To perform analysis on each profile based on previous posts, we first compute the average number of likes on a profile out of all of the posts to establish a threshold of satisfiable performance. The influence of each keyword on the profile is represented by the cumulative difference with the mean number of likes, positive value representing positive influence toward the performance of the account, and vice versa. Subsequently, we applied the well-trained machine learning model to determine whether the sentimental polarity of text and image in each post of the profile are misaligned, which will be denoted once the number of likes fall under the average.The success score of each post is computed by p-value with the specific z-score under normal distribution, rescaled in the range of [-10, 10]. In addition, the key words and attributes imposing significant influence on the post are identified in comprehensive analysis.
Challenges I ran into
For the front end, there were difficulties in communicating what we expected from the back end, however through writing everything down and clarifying exactly what JSON we would use to communicate, we were able to overcome the challenge. Additionally, mobile development was very difficult at many points and required thorough testing in mobile devices connected to a local Python HTTP server.
Accomplishments that I'm proud of
We’re proud of both the subtle animations, grand design, and usefulness of the app.
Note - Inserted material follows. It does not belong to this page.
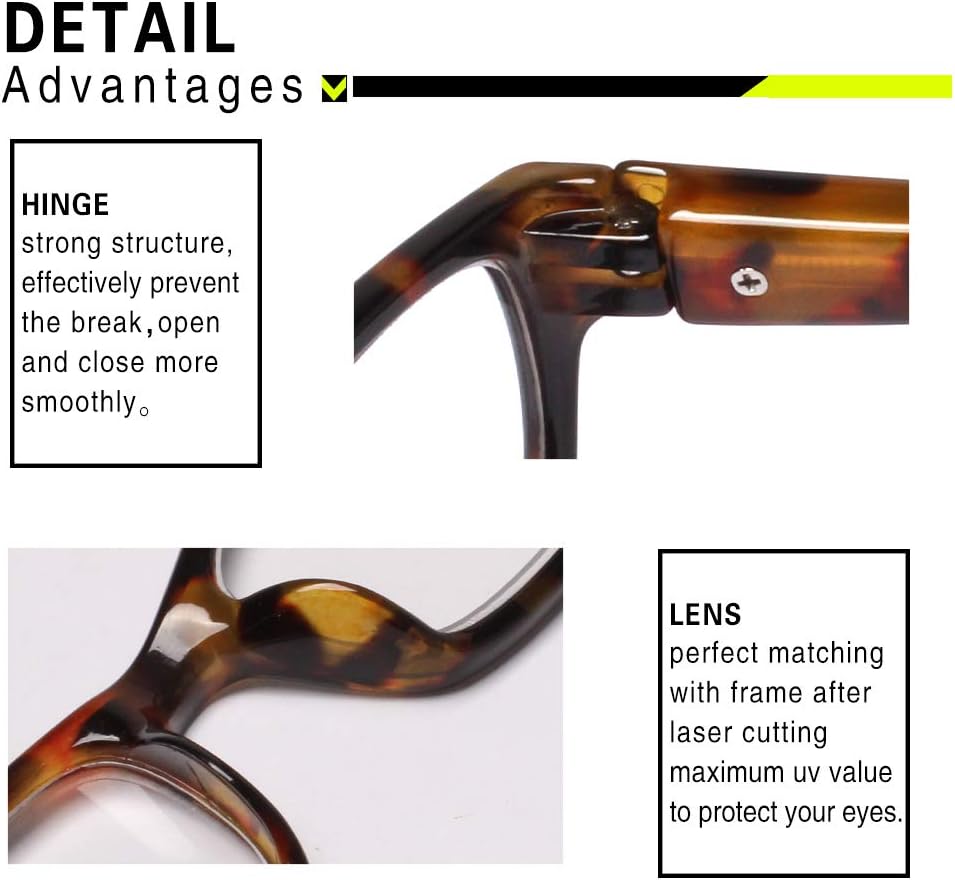 Henotin 5-Pack Reading Glasses Blue Light Blocking Anti Eyestrain Computer Reading Glasses for Women and Men Readers (5 Pack blue, 0.00, Diopters) - Image 3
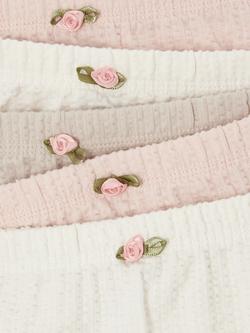 John Lewis Kids' Rose Knickers, Pack of 5, Multi - view 2, Multi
Additionally, our team ran very well, as we had a dedicated member for front end web development, back end web development, and data science, allowing us to create a strong result using each of our respective strengths and diverse perspectives.
What I learned
For front-end, we practiced parsing complicated JSON objects, working with Chart.js, researching an Instagram scraper, and further practicing general Bootstrap skills when writing CSS. Additionally, it was fascinating how just one word contributed so much to the rest of posts.
What's next for SocialmedAI
SocialmedAI could be advertised towards businesses, students, and other customer segments to receive a higher user base after a marketing campaign. Additionally, SocialmedAI can expand into analytics on other platforms, such as analyzing Twitter posts, Facebook posts, and more. There were initial plans to track recent sentiment on Twitter for different hashtags, however we ran out of time to implement this idea, though we had real-time graphs being generated with chart.js and a Twitter sentiment analyzing program set up and trained. We briefly brainstormed a feature for uploading an image then, based on past posts, generating a caption for it that will increase maximum engagement, allowing corporations to upload many photos at once, have our service automatic caption generation, and letting them post it later.